Trust The Recipe

Today I share a helpful post by my blogging friend, Michele Morin. She offers a metaphor I won’t soon forget and I hope you won’t either. Happy Sunday!

Bread dough the color of molasses yielded to the pressure of my working fist. Fold, press, turn, repeat, and soon I lost count of how many times I had kneaded the fragrant lump. With the recipe calling for three hundred repetitions, I began to wonder… Three hundred? Really?

Switching to the heel of my hand, I persevered. Eventually, I sensed a change in the texture and smooth elasticity as the gluten developed the necessary strands that would capture the gas bubbles created by the yeast, allowing the dough to stretch and expand as it rose.

Bread-makers want to create the conditions for the dough to rise, but we are completely helpless to make it happen on our own, so we trust the recipe. We follow the directions given. 

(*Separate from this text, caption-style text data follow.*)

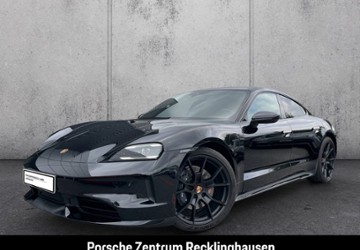Porsche Taycan 23.327 km 105.450 &euro; Recklinghausen 45665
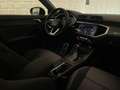 Audi Q3 Sportback 35 TFSI 2x S LINE PANO VIRTUAL ACC KEYLE Zwart - thumbnail 35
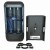 xtar-pb2sl-v2-black-033-batterex-alg.jpg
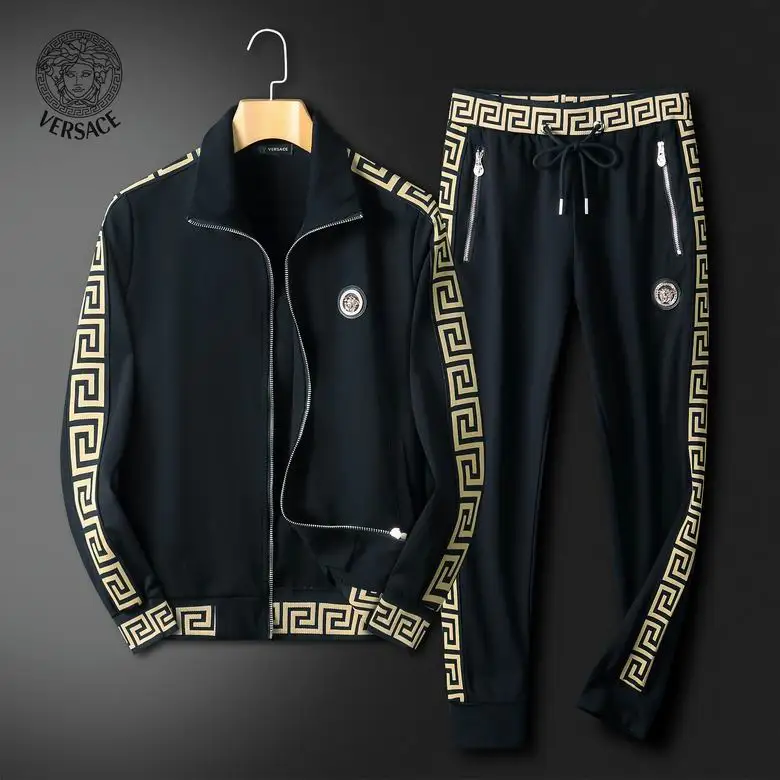 Versace M-3XL 25cn289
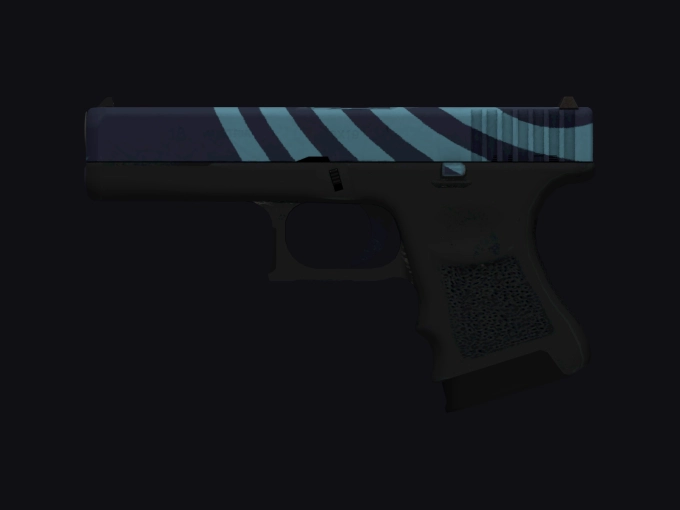 skin preview seed 954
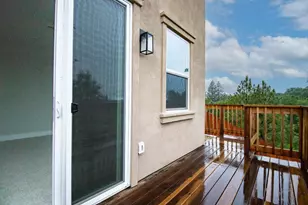 2840 Winesap Cir, Placerville, CA 95667 - Photo 54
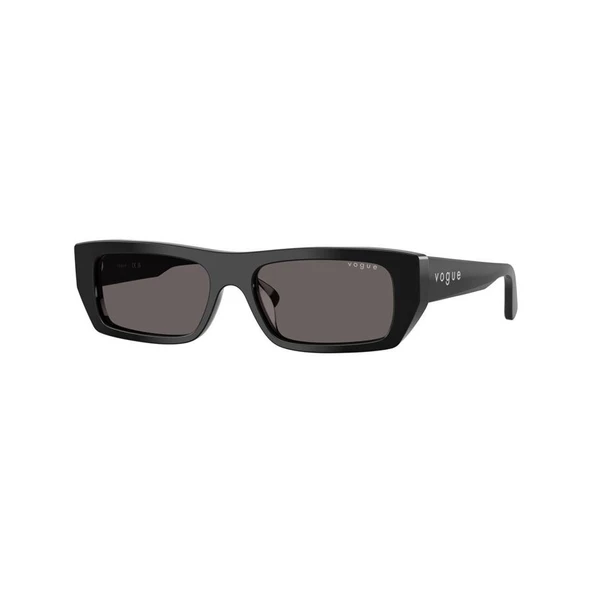 VOGUE 0VO5657SU W44-87 53 ürün görseli 1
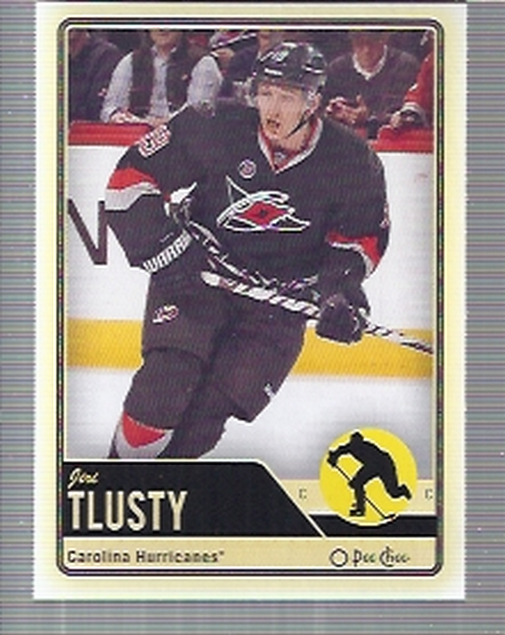 A0677- 2012-13 O-Pee-Chee Hockey Card #s 1-200 -You Pick- 15+ FREE US SHIP - Picture 289 of 354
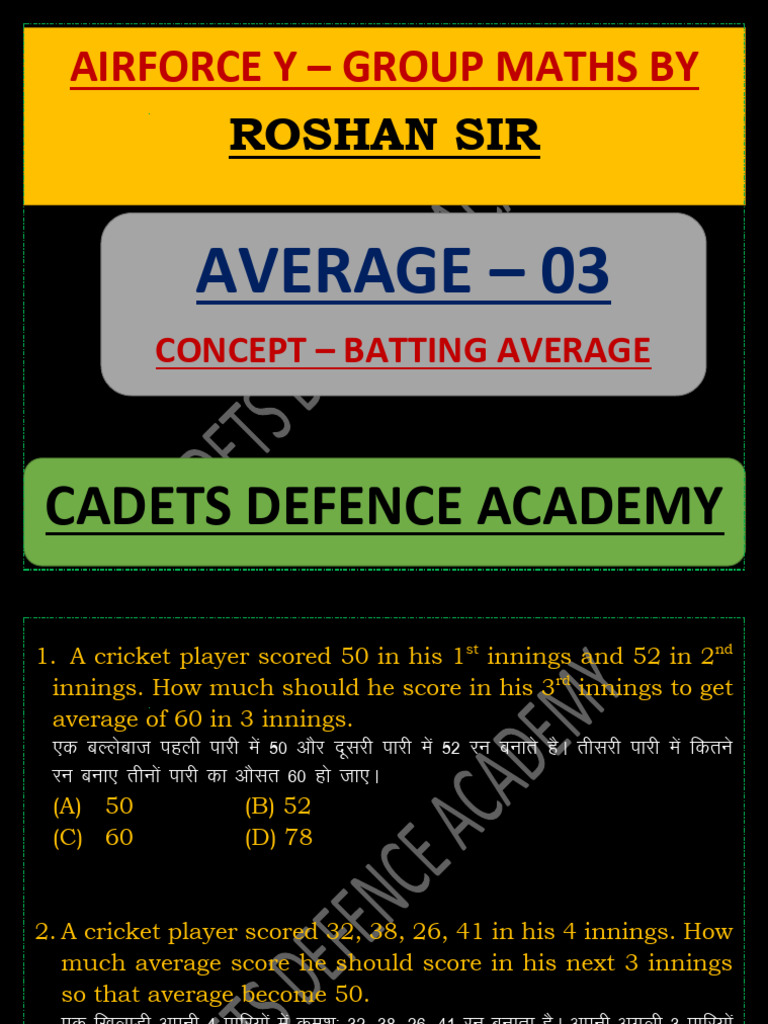 5_6325427224216338989 | PDF | Cricket | Ball And Bat Games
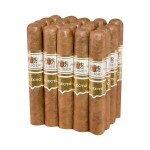 Villiger Selecto Robusto Natural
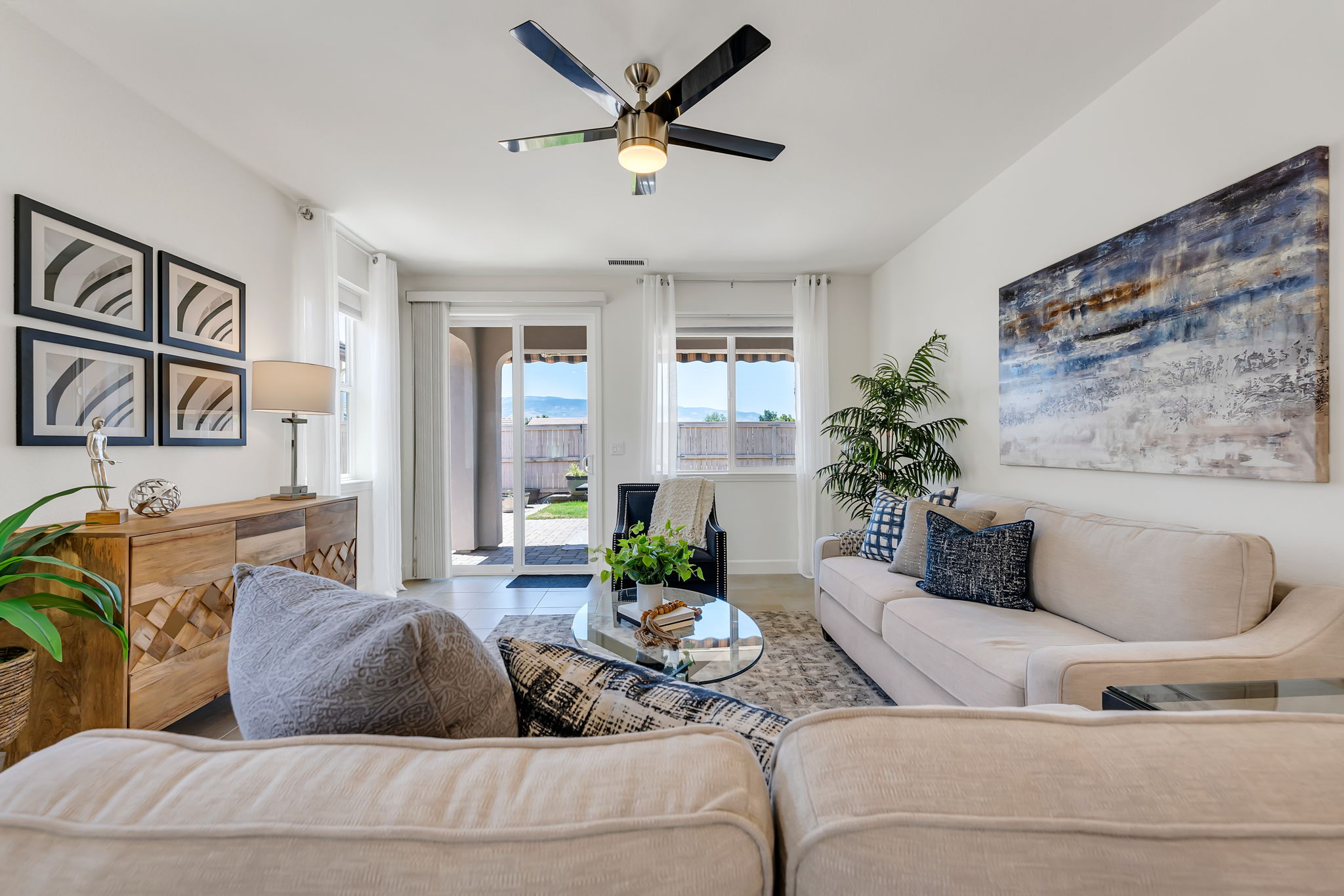 10105 Quintana Dr, Reno, NV 89521, USA Photo 9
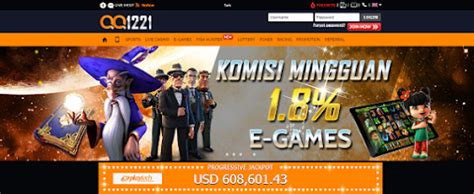 Ton4d slot  Pragmatic88 adalah situs judi slot online paling top di Indonesia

Reading the Bible and kneading bread as purely physical acts could easily become sheer discipline, items on a never-ending checklist. However, viewed with an awareness of the invisible, life-giving force at work behind the scenes, I find that I am participating in something that is bigger than what I can see.  

Follow the Recipe

Therefore, I will follow the teaching of God’s Word, because I am in relationship with its Author—not because I fear losing that relationship. I will persevere in the disciplines of the Christian life, because I am held in a hope that is based on strong promises—not because I am hoping that the disciplines themselves will hold me in the faith.

Needless to say, in the making of bread and in the practice of godliness, I will always be a beginner, mechanically counting the strokes as I knead (and then losing count); reading words of life at the dining room table, fitfully on some days and fervently on others.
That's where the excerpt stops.